Voting Outside The Lines

Greetings, friends!

Picture this: you’re on the board of a large company, one of the largest in the world, and you’re tasked with hiring a new CEO. The board has decided on two candidates that couldn’t be more different. After interviewing them, you hate both. Which do you choose? If you’re like most Americans, you’re going with the candidate you hate least. But is this really who you want to run your company? Who you want to represent your name?

 

Well, you are, in a way, a member of a very large board of a company – The United States of America, and it’s time we all start doing our job.

The truth is, there are way more than two candidates for president, even if you’re a time traveler from after the primaries have been decided. That’s right folks, I’m talking about the third parties the DNC and GOP are begging you to forget.

But, Ben, I really don’t want to waste my vote. 
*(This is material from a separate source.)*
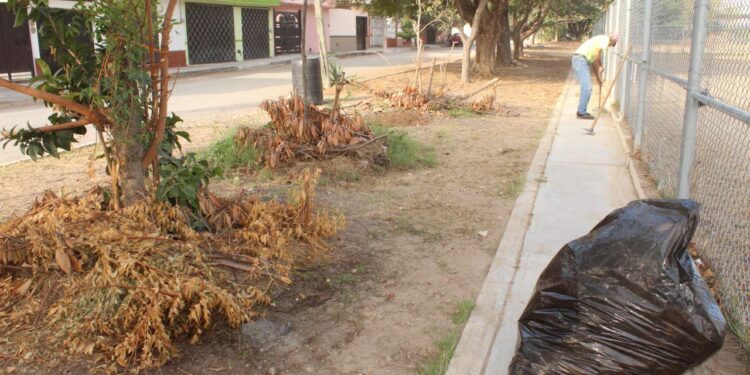 Acelera Municipio de Victoria limpieza en unidades deportivas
Me either! Which is why I’m not voting for a candidate I don’t even like.

Okay but can a third party candidate even raise enough money to run a successful presidential campaign? 
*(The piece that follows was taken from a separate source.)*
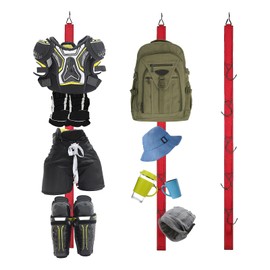 TUYUU Estante de secado de hockey, estante de secado de equipo de hockey, organizador portátil de equipo deportivo, correas colgantes con 5 ganchos, regalos de hockey sobre hielo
Bernie Sanders’ raised 6.8 million dollars in a day. Anything is possible.

Yeah, but what can third parties really offer us?

Besides fresh perspectives, more options, and less ways for the major parties to control you? Uh they’ll probably give your racist uncle more to complain about on his Facebook?

Who’s even running? 

For the green party – Jill Stein, Darryl Cherney

For the libertarians – Marc Feldman, Gary Johnson, John McAfee, Austin Peterson

Other Candidates

But I really like (Insert Politician Here)
Fantastic! You should totally vote for him or her. But the fact that there’s a whole world of candidates out there that you’ll never hear from should anger you (especially if you like Sanders because he’s “revolutionary,” or Trump because he’s “not a politician”). And if you’d like to live in a true democracy, where candidates have the platform to say what they want, regardless of major party affiliation, then say so.